How to Benchmark a Cloud Desktop Service
December 7, 2017
It’s amazing how fast the VDI market is changing and exciting because with these changes customers will finally realize some really great cost reduction and business agility benefits that have thus far been elusive. As the industry transitions to cloud deployments, we believe it will be helpful for IT execs to have a framework for comparing virtual desktop solutions in the market, but that’s easier said than done. Where to start? On-prem VDI? Virtual apps? Desktop-as-a-Service (DaaS)? And what constitutes a “real” desktop cloud service?
VDI and DaaS solutions can be evaluated through the lens of people in the “food chain” of virtual app and desktop evaluation, selection, deployment, use and management:
- Who is the primary sponsor? CIO or the Application Owner?
- Who are the end users? E-Staff, Power-Users, Knowledge Users, Remote Developers, Field Users, Contractors, Partners, Others?
- What does the solution do for the CFO and CISO? Does it increase or decrease security, agility and cost?
- Who are the people managing the solution? Generic IT Staff, VDI Specialists, Datacenter Specialists, Cloud Experts, Security Ninjas or Expensive Consultants?
Each has her/his special interests and goals when it comes to participating in the decision-making process, and from those special interests, we can derive a framework for evaluation.
But before I dive into that, let me ask a question: Does anyone know why the VDI vendors never agreed on a common benchmark for comparing the various protocols in the market?
Where’s the benchmark?
Let’s look at the database industry.
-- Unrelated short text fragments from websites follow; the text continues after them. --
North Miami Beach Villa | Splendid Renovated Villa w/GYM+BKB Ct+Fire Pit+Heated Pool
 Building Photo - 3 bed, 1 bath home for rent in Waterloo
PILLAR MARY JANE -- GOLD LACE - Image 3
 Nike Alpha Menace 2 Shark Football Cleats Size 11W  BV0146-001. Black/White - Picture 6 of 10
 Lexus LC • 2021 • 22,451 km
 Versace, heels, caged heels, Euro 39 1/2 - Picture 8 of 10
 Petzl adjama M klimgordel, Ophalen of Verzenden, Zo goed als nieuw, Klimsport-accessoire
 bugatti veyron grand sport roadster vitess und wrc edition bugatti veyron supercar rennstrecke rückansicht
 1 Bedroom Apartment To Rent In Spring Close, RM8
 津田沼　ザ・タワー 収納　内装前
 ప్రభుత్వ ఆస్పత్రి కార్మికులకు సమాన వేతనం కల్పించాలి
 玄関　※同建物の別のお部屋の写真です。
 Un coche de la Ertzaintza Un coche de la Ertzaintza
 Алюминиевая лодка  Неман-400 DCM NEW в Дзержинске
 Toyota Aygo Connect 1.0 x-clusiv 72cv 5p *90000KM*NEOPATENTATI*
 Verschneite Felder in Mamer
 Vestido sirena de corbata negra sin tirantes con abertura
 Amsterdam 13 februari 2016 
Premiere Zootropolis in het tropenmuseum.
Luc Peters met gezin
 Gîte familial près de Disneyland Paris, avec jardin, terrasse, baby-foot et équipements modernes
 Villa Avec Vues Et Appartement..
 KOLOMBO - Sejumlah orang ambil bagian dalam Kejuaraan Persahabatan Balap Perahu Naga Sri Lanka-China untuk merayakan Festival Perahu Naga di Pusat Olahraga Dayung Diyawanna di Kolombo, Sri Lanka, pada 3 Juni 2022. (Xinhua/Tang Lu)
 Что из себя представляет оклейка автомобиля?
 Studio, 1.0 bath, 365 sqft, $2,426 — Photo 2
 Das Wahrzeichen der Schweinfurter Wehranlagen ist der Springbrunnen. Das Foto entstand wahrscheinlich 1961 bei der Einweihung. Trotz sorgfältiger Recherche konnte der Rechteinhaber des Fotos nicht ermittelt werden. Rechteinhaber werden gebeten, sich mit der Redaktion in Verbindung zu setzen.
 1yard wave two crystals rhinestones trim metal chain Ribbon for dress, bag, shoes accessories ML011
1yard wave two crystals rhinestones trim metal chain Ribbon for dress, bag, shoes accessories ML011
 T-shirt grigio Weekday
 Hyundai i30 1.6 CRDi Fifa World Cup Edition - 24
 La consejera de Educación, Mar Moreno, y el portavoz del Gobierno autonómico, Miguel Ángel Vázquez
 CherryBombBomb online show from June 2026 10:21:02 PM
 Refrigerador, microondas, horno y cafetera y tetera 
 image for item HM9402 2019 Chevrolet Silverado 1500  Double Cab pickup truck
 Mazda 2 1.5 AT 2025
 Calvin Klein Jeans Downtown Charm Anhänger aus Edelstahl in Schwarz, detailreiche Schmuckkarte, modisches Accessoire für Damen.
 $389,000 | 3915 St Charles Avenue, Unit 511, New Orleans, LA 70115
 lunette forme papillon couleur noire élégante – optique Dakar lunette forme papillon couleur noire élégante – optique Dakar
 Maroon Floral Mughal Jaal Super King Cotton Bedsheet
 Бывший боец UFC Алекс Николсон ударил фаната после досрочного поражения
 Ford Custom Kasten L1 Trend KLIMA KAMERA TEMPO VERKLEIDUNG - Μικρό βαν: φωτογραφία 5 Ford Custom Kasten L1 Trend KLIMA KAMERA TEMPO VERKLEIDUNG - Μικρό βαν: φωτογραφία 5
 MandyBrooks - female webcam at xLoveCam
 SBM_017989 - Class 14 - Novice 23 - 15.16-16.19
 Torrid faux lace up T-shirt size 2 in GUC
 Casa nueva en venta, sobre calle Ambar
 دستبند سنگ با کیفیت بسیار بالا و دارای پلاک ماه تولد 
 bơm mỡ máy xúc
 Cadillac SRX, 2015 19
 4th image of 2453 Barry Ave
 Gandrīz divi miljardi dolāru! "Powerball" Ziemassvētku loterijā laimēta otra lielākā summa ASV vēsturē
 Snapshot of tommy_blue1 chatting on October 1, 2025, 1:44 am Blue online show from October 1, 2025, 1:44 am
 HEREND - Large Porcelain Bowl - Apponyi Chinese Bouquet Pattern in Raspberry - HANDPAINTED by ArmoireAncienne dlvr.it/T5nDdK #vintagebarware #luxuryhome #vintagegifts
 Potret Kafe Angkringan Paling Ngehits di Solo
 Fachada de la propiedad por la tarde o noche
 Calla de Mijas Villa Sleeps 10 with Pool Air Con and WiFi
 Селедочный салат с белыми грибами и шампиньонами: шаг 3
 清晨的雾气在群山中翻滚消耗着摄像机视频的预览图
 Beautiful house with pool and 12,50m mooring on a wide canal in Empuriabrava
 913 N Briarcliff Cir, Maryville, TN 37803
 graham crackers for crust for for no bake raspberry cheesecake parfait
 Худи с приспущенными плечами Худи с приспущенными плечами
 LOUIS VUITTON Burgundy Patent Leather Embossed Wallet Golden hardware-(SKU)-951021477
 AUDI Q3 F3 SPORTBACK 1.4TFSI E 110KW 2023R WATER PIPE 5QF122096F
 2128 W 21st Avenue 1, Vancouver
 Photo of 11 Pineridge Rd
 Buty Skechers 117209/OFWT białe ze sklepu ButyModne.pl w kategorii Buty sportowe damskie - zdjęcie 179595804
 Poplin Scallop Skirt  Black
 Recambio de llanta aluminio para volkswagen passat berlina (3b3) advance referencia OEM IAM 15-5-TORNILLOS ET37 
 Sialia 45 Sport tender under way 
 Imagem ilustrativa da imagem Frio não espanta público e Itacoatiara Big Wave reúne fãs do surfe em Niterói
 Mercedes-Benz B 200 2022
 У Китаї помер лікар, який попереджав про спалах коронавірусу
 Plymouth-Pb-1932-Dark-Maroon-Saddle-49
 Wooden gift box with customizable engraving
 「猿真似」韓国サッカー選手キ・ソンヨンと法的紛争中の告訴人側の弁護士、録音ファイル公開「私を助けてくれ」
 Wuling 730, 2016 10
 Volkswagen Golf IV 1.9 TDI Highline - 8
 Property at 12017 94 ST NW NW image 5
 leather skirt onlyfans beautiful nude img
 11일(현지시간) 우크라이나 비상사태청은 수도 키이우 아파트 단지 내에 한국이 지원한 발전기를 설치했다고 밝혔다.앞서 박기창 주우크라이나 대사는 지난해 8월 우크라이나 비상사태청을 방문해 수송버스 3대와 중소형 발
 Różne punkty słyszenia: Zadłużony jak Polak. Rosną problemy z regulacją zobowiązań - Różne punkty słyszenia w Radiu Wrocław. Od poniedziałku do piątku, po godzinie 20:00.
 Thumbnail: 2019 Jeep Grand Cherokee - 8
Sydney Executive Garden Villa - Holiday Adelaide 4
The term transaction is commonly understood in the technology world. A typical transaction, as defined by the Transaction Processing Council (TPC), would include “an update to a database system for things like airline reservations (services), e-commerce (goods) or banking (money)”. TPC produces benchmarks that measure transaction processing and database performance in terms of how many transactions a given system and database can perform per unit of time, e.g., transactions per second or transactions per minute. How do you compare two full stack systems in the market to run your database? You look at the TPC score and the cost of the full system and make a judgment based on your needs. All the vendors in the industry use the same framework to present the results. It’s super helpful to buyers to be able to compare apples to apples.
As the database industry evolved, a single benchmark was not sufficient to capture the “quality” of the software for all possible use-cases. If you look at the TPC website, you will notice that there are several “flavors” of TPC benchmark; each measure different parameters:
- TPC-C (the benchmark is centered around the principal activities of an order-entry environment)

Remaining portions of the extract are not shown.